James Cavanaugh's trial by fire at Hormel

Published in Corporate Counsel Edition® - May 2009 magazine

By Paul Nolan on April 10, 2009


James Cavanaugh’s corner office in the single-story headquarters of Hormel Foods—based in Austin, Minn., a small city on the Southeastern tip of the state—sits past a maze of 1980s-era cubicles that leave a visitor with the impression that not much changes around here. It’s precisely that stability that attracted Cavanaugh to the company in 1982.

As one of six in-house attorneys at Hormel, Cavanaugh began his job thinking he would focus on tax and pension matters. Six months after he started, however, a senior attorney who was a labor and employment specialist left the company.

“The general counsel at the time asked me if I had ever done a labor arbitration and I said, ‘What’s a labor arbitration?’ He said, ‘You’ve got one in two weeks.’ It was a turning point in my career,” says Cavanaugh.

That’s an understatement.

In August 1985, Hormel workers went on strike. Products were boycotted and families and friendships were torn apart, leaving scars that remain today. The strike was chronicled years later in Barbara Kopple’s Oscar-winning documentary American Dream.

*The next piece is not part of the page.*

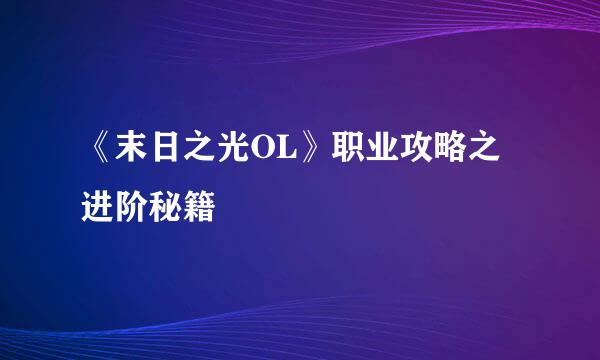 《末日之光OL》职业攻略之进阶秘籍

“In 1984, we saw everything on the horizon and we were gearing up, doing the things that you do in terms of due diligence prior to an event that you try to stop, but can’t,” Cavanaugh says. “In a year and a half, I experienced elements in this arena that some labor attorneys don’t get in 20 or 25 years.”

After six months, a significant number of replacement workers crossed the picket line along with some who had been picketing. In January 1986, Gov. Rudy Perpich called in the National Guard to protect replacement workers. Within the year, the national union ousted the local union leadership and ended the strike.

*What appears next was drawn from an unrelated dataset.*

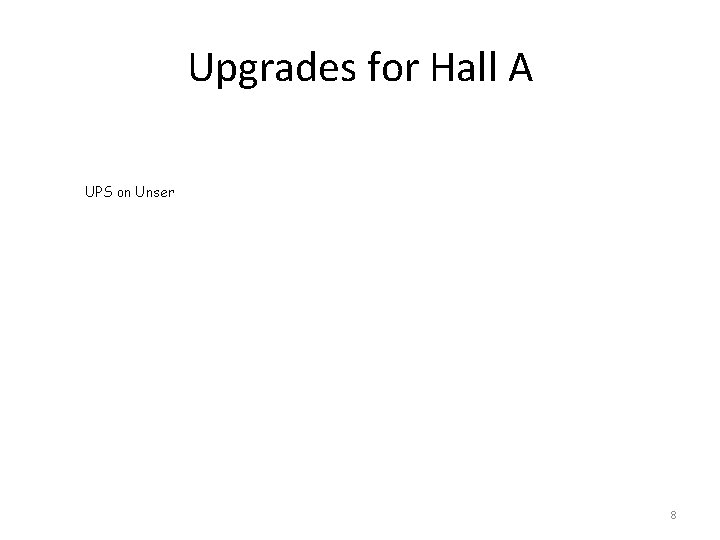 Upgrades for Hall A UPS on Unser 8 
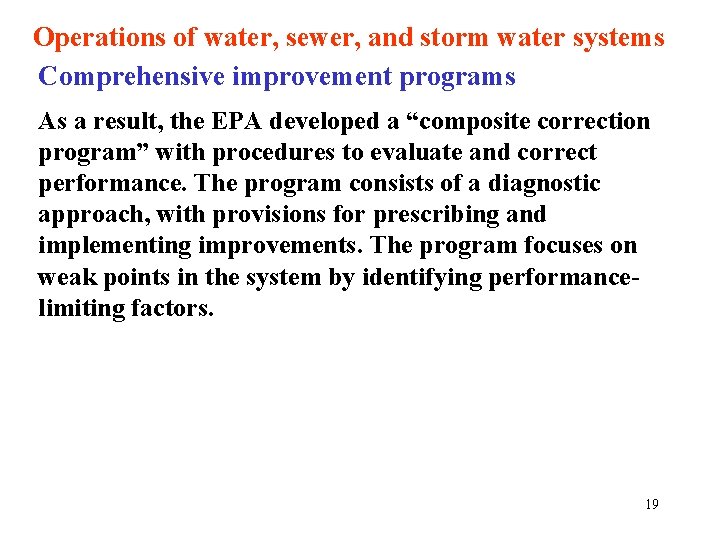 Operations of water, sewer, and storm water systems Comprehensive improvement programs As a result,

“It was a very difficult time for our community and a very difficult time for our employees,” Cavanaugh says. “That was an aberration in Hormel’s long history of having a really solid relationship with our union.

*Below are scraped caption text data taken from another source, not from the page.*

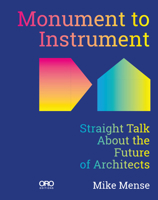 Monument to Instrument : Straight Talk about the Future of Architects 196651557X Book Cover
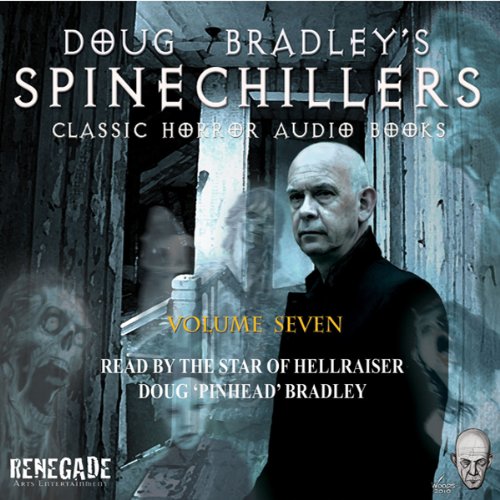 Cover of Doug Bradley's Spinechillers, Volume Seven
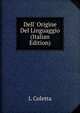 Dell' Origine Del Linguaggio (Italian Edition), L Coletta 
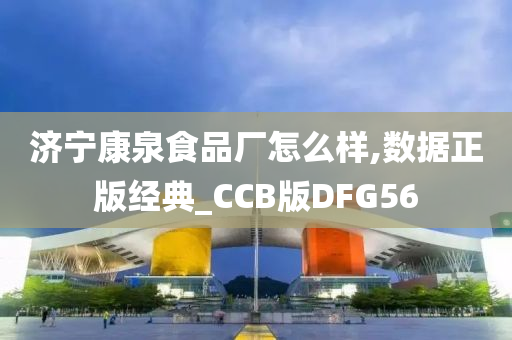 济宁康泉食品厂怎么样,数据正版经典_CCB版DFG56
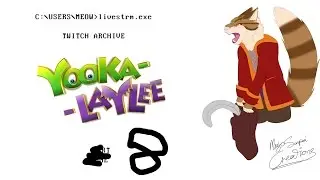 (STREAM ARCHIVE) Yooka Laylee - Part 8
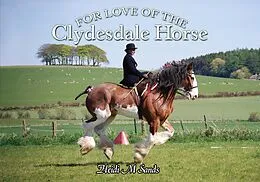 E-Book (epub) For Love of the Clydesdale Horse von Heidi M. Sands
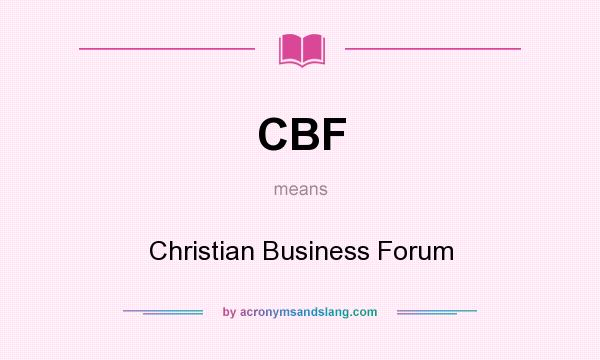 What does CBF mean? It stands for Christian Business Forum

“At the time, we were putting in really long hours. I went from one mini-crisis to the next, but I learned a tremendous amount about labor and employment law in a very concentrated time.”

Cavanaugh credits his early bosses and mentors at Hormel for “seeing something in my character or personality that they thought might work.” Amazingly, even as Hormel grew during the past two and a half decades into an international conglomerate, reporting $6.8 billion in sales last year, the company continued to make do with six in-house attorneys (adding a seventh only recently) and four paralegals. “By anybody’s standards, that’s a small department,” says Cavanaugh.

Hormel attorneys work on everything from mergers and acquisitions to real estate transactions, vendor contracts, food law, SEC, antitrust and patent cases, and, of course, labor law and workers’ compensation.

Besides heading the legal team, Cavanaugh serves as the company’s senior vice president of external affairs, which means being involved in public relations and strategic business planning. Hormel’s worldwide reach keeps him on his toes. “We live in a small town, but our practice is international,” he says. “I know I can find the level of education and experience for a position; what I need to make sure of is that the person who comes here is going to fit into the culture we’ve created. I’d rather find the right personality and train for special needs.”

Part of that culture is hard work. “I was the son of a man who worked through the Depression. It was inculcated in me from the time I could read that you needed to work hard,” he says. “You didn’t have to like your job, and if you didn’t, that was tough because you had a job.”